Bottas was forced to install a new unit for Friday practice, and a hydraulic leak discovered overnight required a second new unit be adopted on Saturday, guaranteeing his start from 20th place.
“I believe anything is possible,” he said, daring to dream of a podium finish. “We have a good car and some days it’s even better than Saturdays for us. We’ll give it all.”
Red Bull Racing’s Max Verstappen qualified third and will inherit a front-row start from the penalised Bottas, but the Dutchman lamented that 0.360 seconds off pole was the most possible from the RB15.
“I think today was the best we could do,” he said. “We all know that Mercedes is quite dominant here.
“I think still a lot of chances for tomorrow, then we’ll see what happens. We’ll just wait and see what happens tomorrow.”
The Ferrari drivers were never in contention for pole, qualifying fourth and fifth around half a second off the pace.
Charles Leclerc beat Sebastian Vettel for position on the grid despite failing to set a second flying lap at the end of qualifying, mistiming his run and taking the chequered flag by mistake.

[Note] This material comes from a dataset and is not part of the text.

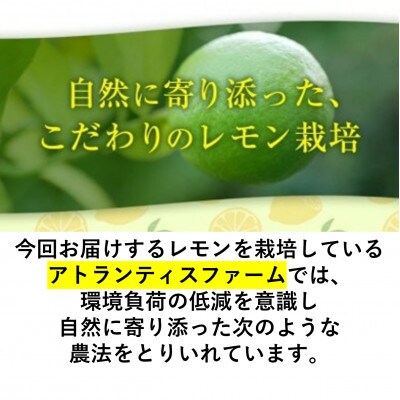 アトランティスファームの国産レモン 約3kg+300g (11月より順次発送予定)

The Monegasque appeared to blame the German for ruining his qualifying via team radio, complaining that his teammate had backed him up, while Vettel appeared to be slowing to create space between the similarly tardy Alex Albon ahead, the Thai driver going on to qualify sixth.
Lando Norris was best of the midfield in seventh, outqualifying teammate Carlos Sainz to claim the McLaren intra-team qualifying head-to-head 11 races to 10 in his rookie F1 campaign.
Renault’s Daniel Ricciardo split the pair by qualifying eighth, with Sainz ninth ahead of Nico Hulkenberg in his final F1 qualifying session in 10th.
The battle in Q2 was tight, with Racing Point’s Sergio Perez the quickest driver to be eliminated, missing out on progression by just 0.2 seconds.
Behind the Mexican in 11th qualified Toro Rosso’s Pierre Gasly in 12th, the Frenchman only 0.035 seconds further back in 12th.
Their teammates qualified 13th and 14th respectively, with Lance Stroll beating Daniil Kvyat to 13th and 14th, while Haas’s Kevin Magnussen qualified 15th.
Romain Grosjean was beaten to a Q2 berth by 0.3 seconds at the hands of Haas teammate Magnussen, compounding a difficult weekend for the Frenchman. A crash with Bottas during practice forced him to use an alternative specification car, which on Saturday he complained lacked grip.
Then, when Grosjean was leaving the pits to set his final flying lap, he was cut off by Toro Rosso’s Kvyat exiting his garage, forcing the Haas driver into evasive action to avoid a collision.
The stewards were set to rule on the near-miss at the end of the session.
Antonio Giovinazzi beat Alfa Romeo teammate Kimi Raikkonen to 18th and 18th, while George Russell confirmed a perfect qualifying record against outgoing Williams teammate Robert Kubica, beating him in all 21 Saturday sessions this season.